Est-ce que ce dividende pour la relance pourrait s’appliquer aux sociétés énergétiques également, voire à l’ensemble des superprofits réalisés par les multinationales canadiennes ? Est-ce que la taxe aurait pu être plus gourmande ? Probablement. S’il existe une possibilité d’imposer davantage les superprofits, voilà peut-être l’occasion pour les provinces d’aller chercher des revenus supplémentaires. Il en existe, des superprofits au Québec. Par exemple, la Banque Nationale du Canada a enregistré des bénéfices nets avant impôt de 4,1 milliards de dollars pour son exercice 2021, comparativement à 2,8 milliards pour 2019, reflétant une augmentation de 46 %.

D’autres avenues existent, bien entendu, comme l’implantation d’un impôt minimum pour les entreprises qui ne paient pas leur juste part d’impôt ou encore, la taxation du chiffre d’affaires des grandes entreprises du numérique. Un impôt minimum existe déjà en Ontario, la loi américaine sur la réduction de l’inflation en prévoit la mise en place aux États-Unis à compter de 2023 et, bien sûr, il y a l’impôt minimum mondial qui doit voir le jour en 2024 à l’initiative de l’Organisation de coopération et de développement économiques (OCDE). Quant à la taxe sur les services numériques (TSN), elle est prévue au Canada pour le 1er janvier 2024, avec effet rétroactif à 2022. Toutefois, puisque l’impôt minimum mondial proposé par l’OCDE est préférable sous tous les points de vue, la TSN n’entrera pas en vigueur si l’impôt minimum mondial est effectivement implanté en 2024, comme ce devrait vraisemblablement être le cas.

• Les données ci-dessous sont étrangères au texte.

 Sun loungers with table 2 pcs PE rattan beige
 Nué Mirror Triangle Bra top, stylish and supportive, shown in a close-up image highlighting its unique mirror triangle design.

Les plateformes électorales

Les partis politiques proposent des mesures ciblées ici et là, mais le problème important de fiscalité sélective qui altère la concurrence entre les entreprises n’a été soulevé que par deux partis, le Parti québécois (PQ) et le Parti libéral du Québec (PLQ). L’idée d’un impôt minimum pour les entreprises a été proposée par Québec solidaire. Le PQ a promis l’implantation d’une taxe sur les superprofits et une taxe de 3 % du chiffre d’affaires québécois des grandes entreprises du numérique. Le PLQ et le PQ prévoient récupérer des sommes importantes des paradis fiscaux, mais leur façon de procéder manque de précision.

La fiscalité est le prix à payer pour vivre en société. Continuons d’en parler encore et encore pendant cette campagne électorale.